Under the Pilot, a charge can be allocated (in whole or part) to an FDP grant only if there is some benefit to that grant. The Pilot specifically recognizes that the question of benefit is a scientific matter, determinable by the PI or designee. Thus the federal rules regarding transfers of costs among FDP awards under the Pilot are no different from the rules regarding the allocation and documentation of the initial charge. In particular, there is no restriction on making cost transfers for reasons of convenience, and no restriction on making such transfers within a certain period of time after the end of the grant and before final close-out. This does not mean, however, that there should be no institutional controls on cost transfers, even between FDP awards, to make sure that the systems campuses have for handling such adjustments meet the general financial management standards in OMB Circulars A-110 and A-133.

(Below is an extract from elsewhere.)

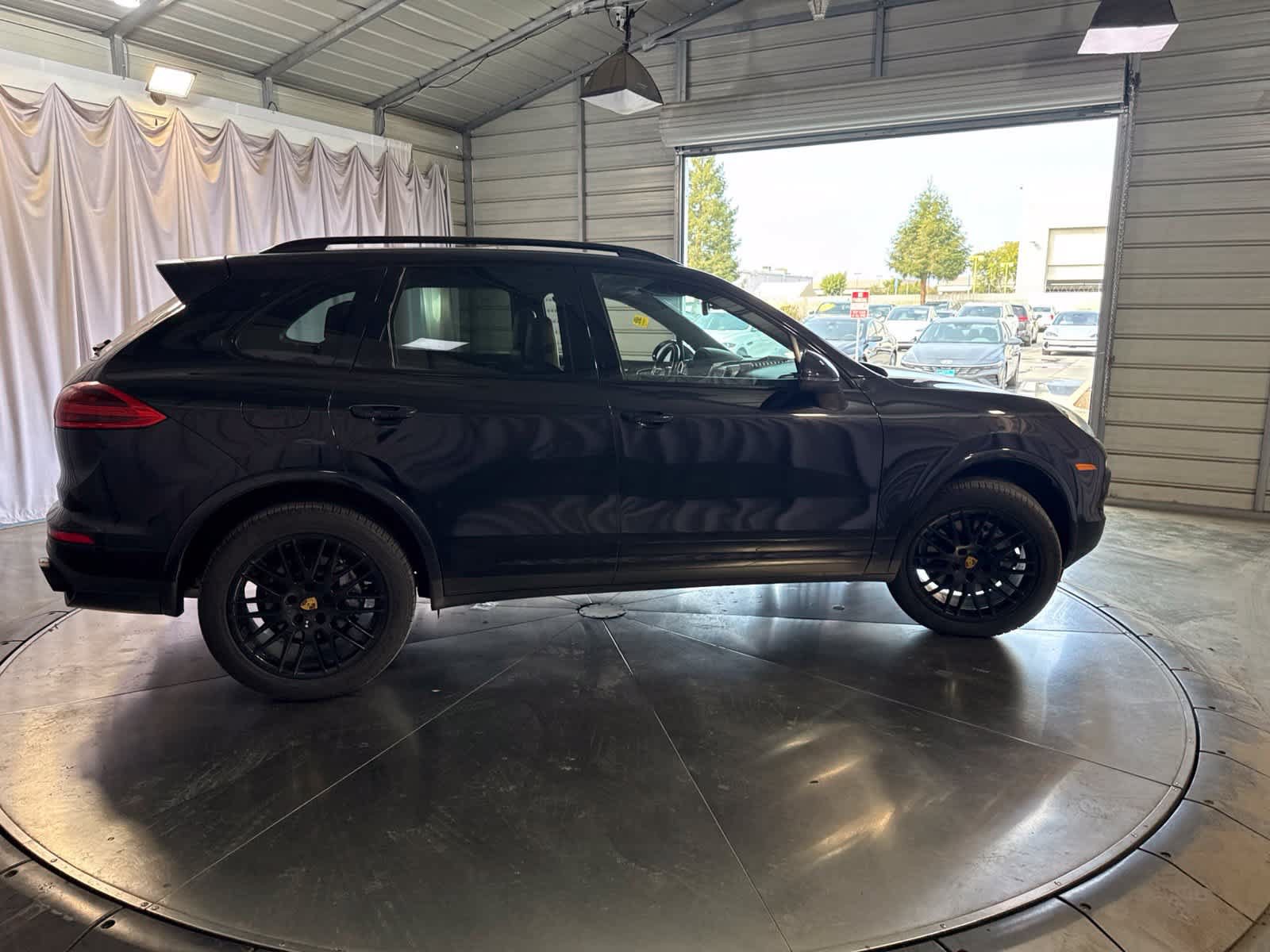 Used 2018 Porsche Cayenne AWD/4WD image 4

We believe that with regard to cost transfers the federal intent was specifically to leave existing federal rules unchanged for transfers to or from non-FDP awards. This means that NIH program project grants, for example, continue to operate under Section C.4.b. of A-21 and p. 42, Cost Transfer section, of the PHS Grants Policy Statement.
Current University policy on cost transfers is contained in Business and Finance Bulletin A-47, University Direct Costing Procedures, Section V. This section will be revised in light of the Pilot. In the interim, the following guidelines are offered for FDP awards only:
In addition to the three conditions listed in V.A. of A-47, transfers between FDP awards may be made at the discretion of the Principal Investigator(s) affected.
The cost transfer request should normally be signed by the Principal Investigator of the grant receiving the charge, but may be signed by an individual designated to act on the PI's behalf. If a campus allows designees to sign cost transfers on FDP funds, it will need to have procedures in place for enabling the campus Accounting Office to ensure that the signature is valid.
The signature on the cost transfer constitutes certification that the cost being transferred benefitted the grant charged, and, for NIH/ADAMHA awards under the FDP, that the relative benefits to the grant originally charged and the grant now being charged cannot readily be determined.
No explanation or justification is required. The transfer request may be marked "FDP" to speed processing.
A1l other provisions of Section V of A-47 that do not conflict with these interim guidelines remain in effect. In particular, the time period within which cost transfers should normally be recorded remains 120 days; the tardiness of transfers made after 120 days should be fully explained.